## DATA LISTING
*** Block opens ***
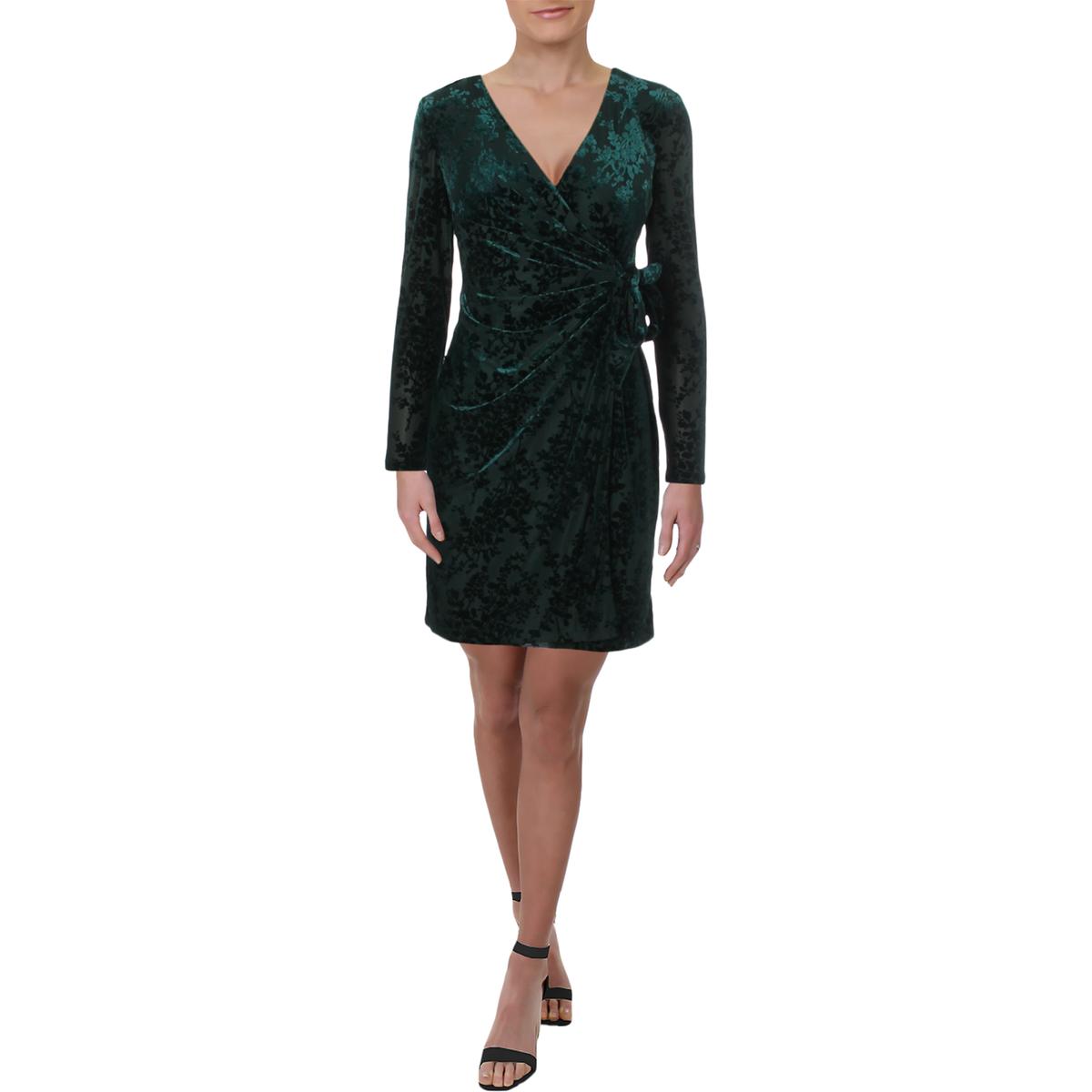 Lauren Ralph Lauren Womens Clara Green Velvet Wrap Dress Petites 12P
*** Block closes ***
*** Block opens ***
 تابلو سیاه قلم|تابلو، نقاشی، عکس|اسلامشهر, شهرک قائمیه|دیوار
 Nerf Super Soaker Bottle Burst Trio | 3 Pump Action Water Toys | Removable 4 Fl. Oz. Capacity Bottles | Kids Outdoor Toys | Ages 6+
*** Block closes ***
## BRIEF
Write down exactly the span of lines above from the one containing "تابلو سیاه قلم|تابلو،" to the one containing "Nerf Super Soaker", both ends included.

## REPLY TO THE EXERCISE
 تابلو سیاه قلم|تابلو، نقاشی، عکس|اسلامشهر, شهرک قائمیه|دیوار
 Nerf Super Soaker Bottle Burst Trio | 3 Pump Action Water Toys | Removable 4 Fl. Oz. Capacity Bottles | Kids Outdoor Toys | Ages 6+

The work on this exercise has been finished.